WORK TASK: Please copy only the material from the line that has "Téléchargez les photos" to the very last line, both ends included, exactly as written and without pictures.

SUPPLIED ENTRIES Block Start

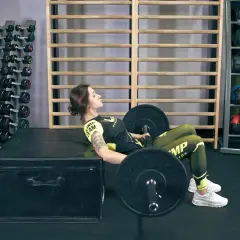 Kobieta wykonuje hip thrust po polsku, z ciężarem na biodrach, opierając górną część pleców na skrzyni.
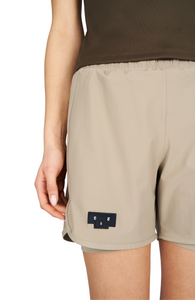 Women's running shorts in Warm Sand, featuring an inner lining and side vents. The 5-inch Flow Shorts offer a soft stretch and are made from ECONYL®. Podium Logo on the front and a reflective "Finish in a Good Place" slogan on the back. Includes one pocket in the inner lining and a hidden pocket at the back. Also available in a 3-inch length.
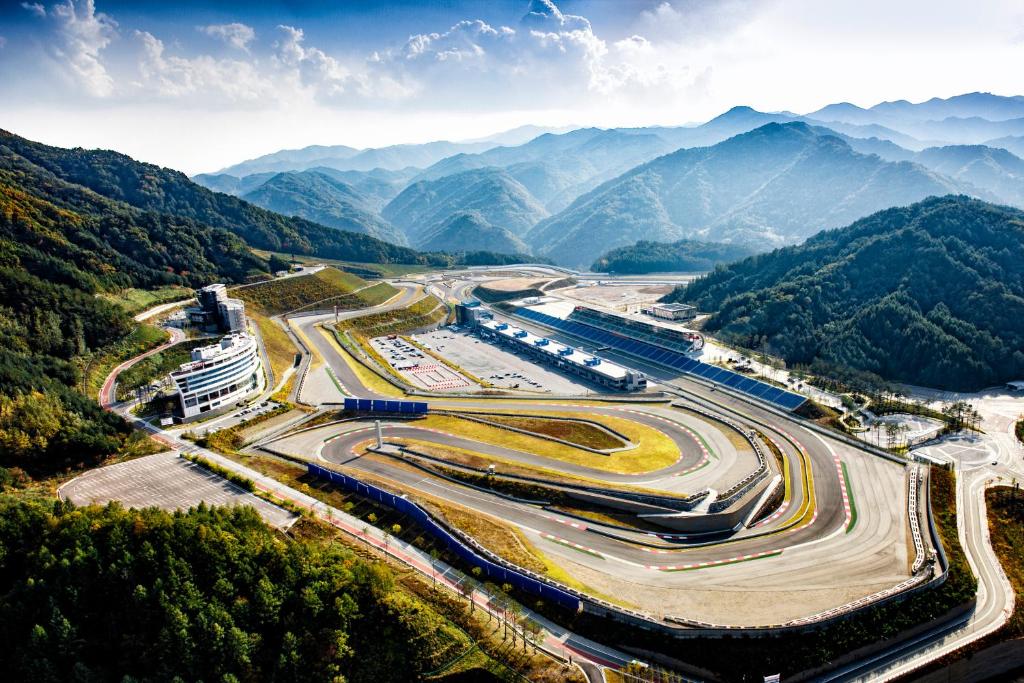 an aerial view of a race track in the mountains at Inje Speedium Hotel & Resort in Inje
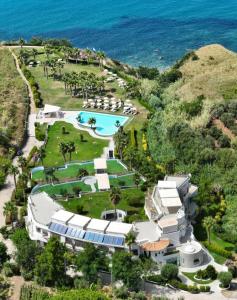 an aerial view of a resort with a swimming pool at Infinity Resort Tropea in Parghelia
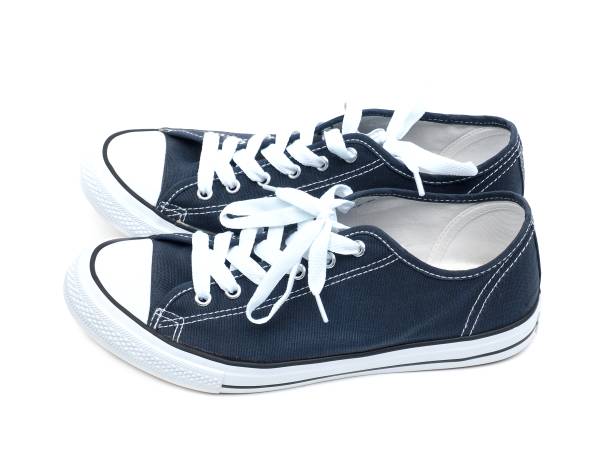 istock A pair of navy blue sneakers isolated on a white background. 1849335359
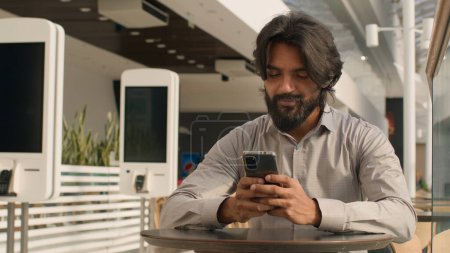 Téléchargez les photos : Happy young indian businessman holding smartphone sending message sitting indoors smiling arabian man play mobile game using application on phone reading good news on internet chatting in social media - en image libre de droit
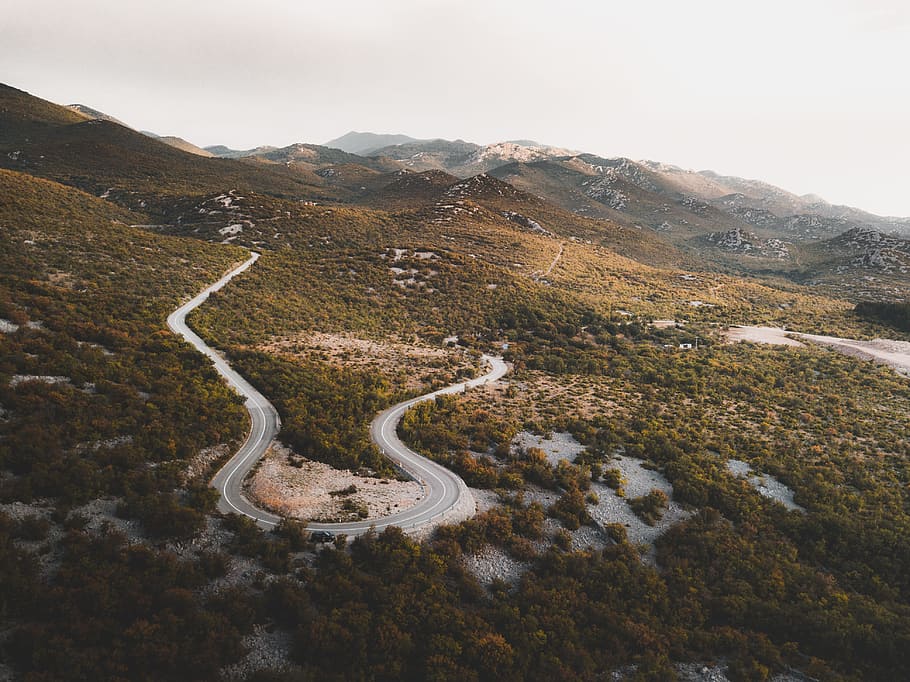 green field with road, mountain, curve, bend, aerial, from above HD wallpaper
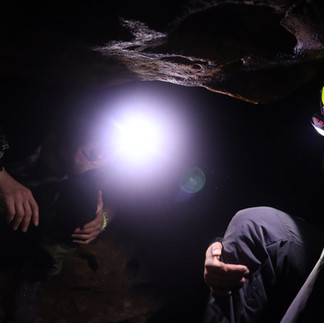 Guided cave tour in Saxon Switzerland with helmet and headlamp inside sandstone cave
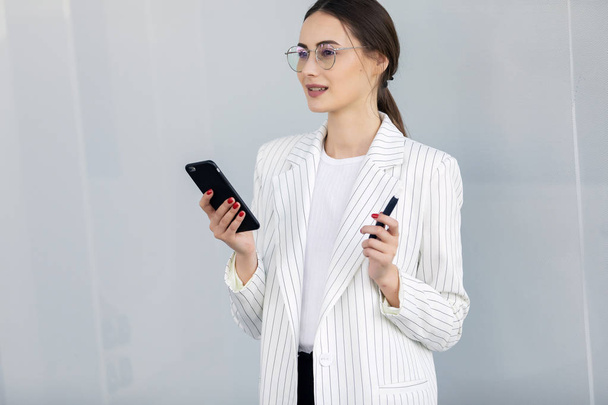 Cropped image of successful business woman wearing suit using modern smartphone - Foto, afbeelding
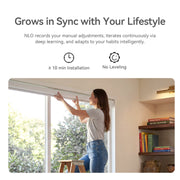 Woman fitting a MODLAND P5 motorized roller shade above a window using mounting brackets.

SUPPLIED ENTRIES Block End

THE COMPLETED TASK:
 Téléchargez les photos : Happy young indian businessman holding smartphone sending message sitting indoors smiling arabian man play mobile game using application on phone reading good news on internet chatting in social media - en image libre de droit
 green field with road, mountain, curve, bend, aerial, from above HD wallpaper
 Guided cave tour in Saxon Switzerland with helmet and headlamp inside sandstone cave
 Cropped image of successful business woman wearing suit using modern smartphone - Foto, afbeelding
 Woman fitting a MODLAND P5 motorized roller shade above a window using mounting brackets.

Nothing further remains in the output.